This lovely article by Sandra Hardie is a must read. For long time residents it calls back the past that many will remember and indeed probably participated in. For those new to the village it is a lovely history of what St Francis was like way back when and a reminder that maybe we should all bring back some of the fun and village camaraderie and spirit that existed in St Francis in those early days
We have split the article ito two parts so will publish.
Part Two tomorrow.
Lockdown has provided an opportunity to dig out all our Super 8 Cine reels and what fun we have had. We were afforded such enormous privilege to be part of the beginnings of St Francis Bay.
I originally came to St Francis Bay with my parents about 1960. We had a house in Harley Street. When I say “house” the dwelling consisted of two rondavels joined together by a wall with a washtub in the middle. There was not another building in sight. Gas lights at night.

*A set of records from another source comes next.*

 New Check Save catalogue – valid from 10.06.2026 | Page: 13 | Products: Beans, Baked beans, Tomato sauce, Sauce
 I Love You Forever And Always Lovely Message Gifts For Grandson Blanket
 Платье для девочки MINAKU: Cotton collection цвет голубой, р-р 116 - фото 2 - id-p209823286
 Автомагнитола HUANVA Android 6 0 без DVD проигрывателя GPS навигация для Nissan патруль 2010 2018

The area abounded with wildlife – Bushbuck, Duiker, Porcupine, Honey Badger, Otter, Bushpig, Mongoose, Caracal and Cape Leopard, together with prolific birdlife. These creatures were unthreatened and comfortable to be amongst us.
Leighton would bring us our milk on a donkey cart every morning. He was just starting the canals. One has to wonder what this humble man with enormous vision would have thought of today’s opulence and ostentation.

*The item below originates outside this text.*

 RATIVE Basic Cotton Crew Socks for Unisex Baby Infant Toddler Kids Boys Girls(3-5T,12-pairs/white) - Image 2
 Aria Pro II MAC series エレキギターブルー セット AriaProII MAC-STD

George and I bought a holiday home in Lovemore Crescent in 1971. It was the first spec house built by Cathy and Duncan Lethbridge and from its vantage point one looked down on a mile wide beach, the odd dirt road and only one other house, that of Joan Anderson.

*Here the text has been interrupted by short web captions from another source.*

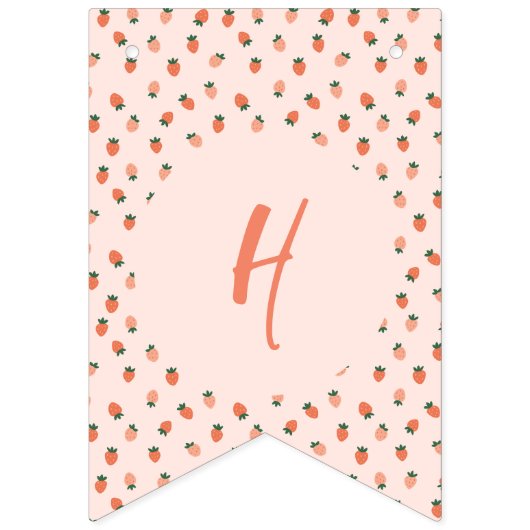 イチゴとバニーの誕生日パーティー バンティングフラッグ (第2の旗)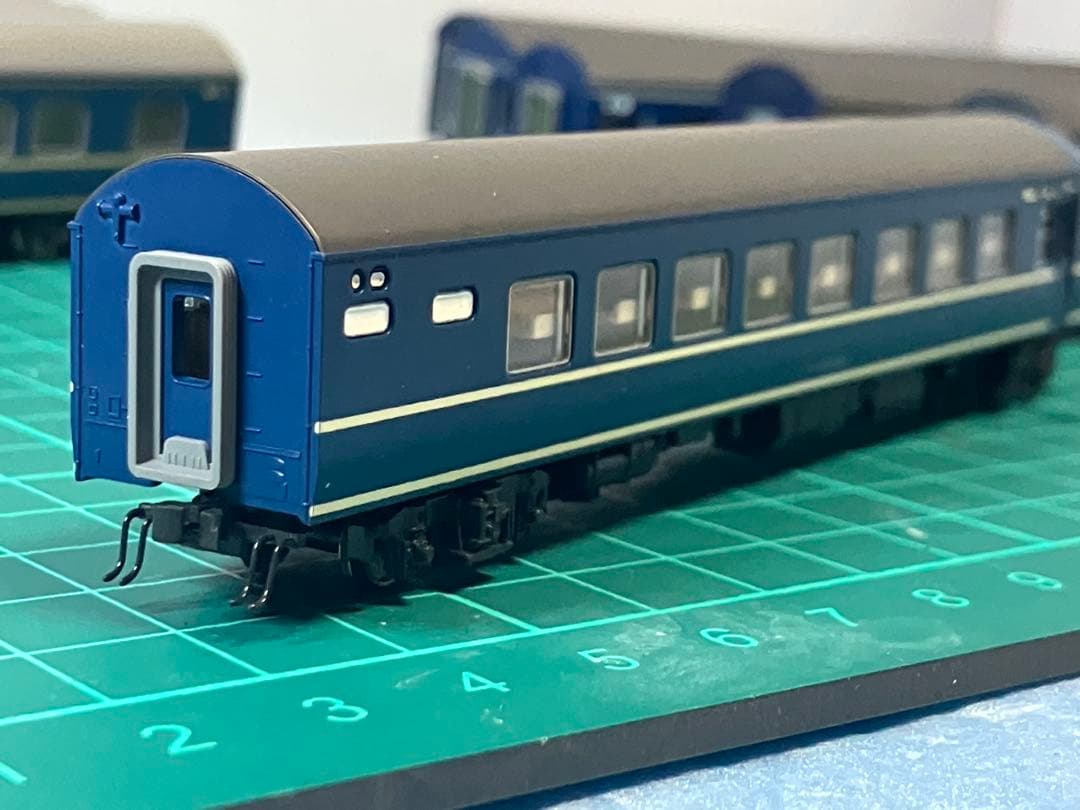 KATO Nゲージ　20系客車　電源車カニ22-2など10両 とバックサイン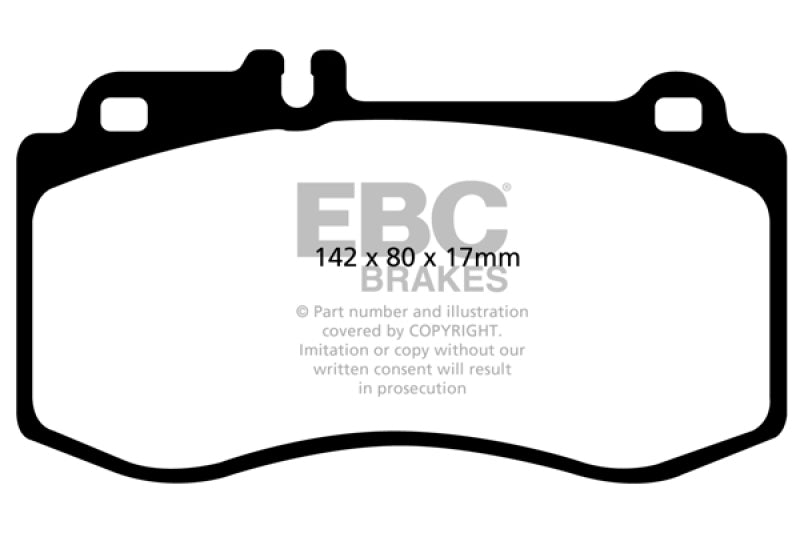 EBC 10+ Mercedes-Benz E350 3.5 AMG Sport Package Redstuff Front Brake Pads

We slept with the balcony doors open and whilst the dogs slept the wildlife came into the garden, such as it was, because there was no need of fences. We went to the beach and left an unlocked house. There was no enticement for criminals in those days.
Leighton built the hotel in the early 1970s and it provided a great asset for residents and holiday makers alike. Every Saturday morning everyone congregated in the pub and Leighton would serve piping hot chips on a steel tray. One of the de Vos family members from Goed Geloof Farm would arrive on his mule which would be tethered outside the pub. He was often to be seen returning to Goed Geloof on the mule but this time facing backwards with arms around its belly.
There was one tiny shop and a big lorry would arrive with bread, milk and vegetables at 2pm when a bun fight ensued to be there first. Of course there was no bridge so the open truck had travelled 30km on the dirt road from Humansdorp, with seventeen farm gates to contend with and its contents would be smothered in dust and the milk often tainted.
It was then that we acquired our milk from the de Vos family who lived on Goed Geloof Farm, the original dwelling of the area. They would also provide us with vegetables and sometimes a turkey at Christmas. Farther down the road was Mr Olivier who kept chickens and provided us with eggs.
Every holiday we would make one or more treks to Humansdorp for steaks at Kontiki Restaurant. They were the very best. One sat in small cubicles with very upright backs so it was not the most comfortable place but it had such charm and we loved our outings there. On the long drive back to St Francis the headlights would pick up countless wildlife and we would often stop to move a Nightjar.
Swiss Cottage was opened by Toby and that became a jolly place for an excellent Sunday lunch. Toby would play several instruments and sing. The Daces opened a restaurant in what is today Big Time Taverna which was beautifully appointed and also served excellent meals. Overlooking the Marina Small Boat Harbour it was a most pleasant place to eat.